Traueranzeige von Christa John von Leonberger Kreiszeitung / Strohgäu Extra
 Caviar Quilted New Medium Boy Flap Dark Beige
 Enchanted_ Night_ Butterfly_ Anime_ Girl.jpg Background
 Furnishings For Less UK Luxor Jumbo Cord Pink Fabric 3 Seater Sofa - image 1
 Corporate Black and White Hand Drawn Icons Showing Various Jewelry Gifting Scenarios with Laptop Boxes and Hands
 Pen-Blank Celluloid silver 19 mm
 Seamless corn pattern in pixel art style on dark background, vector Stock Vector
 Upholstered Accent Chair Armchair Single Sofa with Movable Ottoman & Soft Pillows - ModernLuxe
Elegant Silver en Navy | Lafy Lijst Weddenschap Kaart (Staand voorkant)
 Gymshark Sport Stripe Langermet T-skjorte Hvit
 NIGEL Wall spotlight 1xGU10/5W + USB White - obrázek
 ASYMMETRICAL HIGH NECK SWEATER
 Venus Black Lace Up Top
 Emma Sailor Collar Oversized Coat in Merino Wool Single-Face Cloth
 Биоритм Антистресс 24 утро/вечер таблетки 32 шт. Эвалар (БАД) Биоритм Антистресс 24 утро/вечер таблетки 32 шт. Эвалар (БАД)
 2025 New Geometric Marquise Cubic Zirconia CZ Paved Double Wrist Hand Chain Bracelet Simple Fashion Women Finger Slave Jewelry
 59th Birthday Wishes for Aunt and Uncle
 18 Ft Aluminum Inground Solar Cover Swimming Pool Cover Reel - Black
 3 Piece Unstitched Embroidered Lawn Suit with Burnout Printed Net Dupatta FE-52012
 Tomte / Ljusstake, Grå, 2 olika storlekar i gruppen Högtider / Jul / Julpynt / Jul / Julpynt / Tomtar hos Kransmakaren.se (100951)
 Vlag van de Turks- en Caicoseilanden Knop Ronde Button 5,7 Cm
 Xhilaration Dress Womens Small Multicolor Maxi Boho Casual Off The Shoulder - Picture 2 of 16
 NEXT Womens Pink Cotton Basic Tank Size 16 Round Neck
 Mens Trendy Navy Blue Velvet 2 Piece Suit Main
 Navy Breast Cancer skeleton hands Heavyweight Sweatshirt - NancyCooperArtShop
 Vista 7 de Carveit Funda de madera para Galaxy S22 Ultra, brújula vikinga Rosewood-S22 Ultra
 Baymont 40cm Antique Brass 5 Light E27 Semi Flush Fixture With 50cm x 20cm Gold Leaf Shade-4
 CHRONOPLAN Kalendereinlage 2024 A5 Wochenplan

* _ASSIGNMENT_
Please list every line of the records that contains "Jewelry".

* _SOLUTION FOR THIS PROBLEM_
 Corporate Black and White Hand Drawn Icons Showing Various Jewelry Gifting Scenarios with Laptop Boxes and Hands
 2025 New Geometric Marquise Cubic Zirconia CZ Paved Double Wrist Hand Chain Bracelet Simple Fashion Women Finger Slave Jewelry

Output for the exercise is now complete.